In Next Wave’s Canine Choreography, Robert Reid discovers that untrained dogs are just…untrained dogs
How is it possible to make a show so very full of dogs so very hard to watch?
A carpet of fake grass and a white picket fence box in the performance space. It reminds me of the Royal Melbourne Show and travelling petting zoos. Off to one side is an announcer speaking into a microphone. I never caught his name and I didn’t see any programs on my way in so I can’t tell you who it was.
I can’t quite make out most of what he says over the noise of the pre-show audience. It’s possible I missed important information during this part. At the back is a large flat-screen TV. They’ve quickly relocated from the outdoor venue to this space at the Collingwood Arts Precinct, so there is a rushed quality in the air. It’s possible I’m imagining that.
In Canine Choreography, Danielle Reynolds explores the world of Dances with Dogs, a niche sport that has been popular with some pet owners since the 90s. It’s a competitive dance contest for dogs and their owners and patently an adorable world to explore, although the presentation of Reynolds’ findings was underwhelming.
We’re greeted at the door. We sit chatting. There’s a casual atmosphere that will carry through under the whole of the show. The announcer tells us that the show is beginning and asks if we’d like to meet some dog trainers. The audience is enthusiastically affirmative.
The screen plays an interview with two Dances with Dogs veterans.
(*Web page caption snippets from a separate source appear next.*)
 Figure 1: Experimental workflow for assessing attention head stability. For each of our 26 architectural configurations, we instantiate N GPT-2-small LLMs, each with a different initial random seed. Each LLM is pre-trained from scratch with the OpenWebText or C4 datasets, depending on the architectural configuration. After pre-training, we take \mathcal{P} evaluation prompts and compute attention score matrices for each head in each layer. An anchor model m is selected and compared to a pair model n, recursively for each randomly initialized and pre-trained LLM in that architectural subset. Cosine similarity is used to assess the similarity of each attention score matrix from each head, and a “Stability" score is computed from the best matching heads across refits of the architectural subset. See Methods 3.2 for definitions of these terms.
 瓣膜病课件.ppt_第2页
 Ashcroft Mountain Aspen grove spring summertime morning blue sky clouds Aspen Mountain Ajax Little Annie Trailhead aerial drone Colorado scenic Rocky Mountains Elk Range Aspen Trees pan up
It’s followed by an interview with the first performer of the evening (Arlo Mailing) about how she thinks her performance will go.
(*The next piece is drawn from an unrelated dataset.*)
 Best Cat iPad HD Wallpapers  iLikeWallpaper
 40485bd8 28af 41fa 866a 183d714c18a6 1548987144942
I still don’t really know what to expect, either because the event hasn’t told us yet or our announcer explained it but the muffled sound system and the buzz of still-chatting audience made me miss it. Either way, I’m realising now the premise of the show is less a look at the relationship between dogs and their owners in the context of performance (ie Dances with Dogs) and more “What if we took untrained dogs and their owners and got them to try and recreate a Dances with Dogs floor routine?”
The dogs obviously have no idea what’s going on. Some are playful, some are worried about the strange environment and people and wait at the gate to leave the space. They watch their owners with the bemused nonchalance only an incredulous dog can manifest.
The ones doing tricks here are the humans.
The actual routine they’re emulating plays along behind on the screen behind them. The owners emulate the routines as well as they can. The dogs do whatever they like.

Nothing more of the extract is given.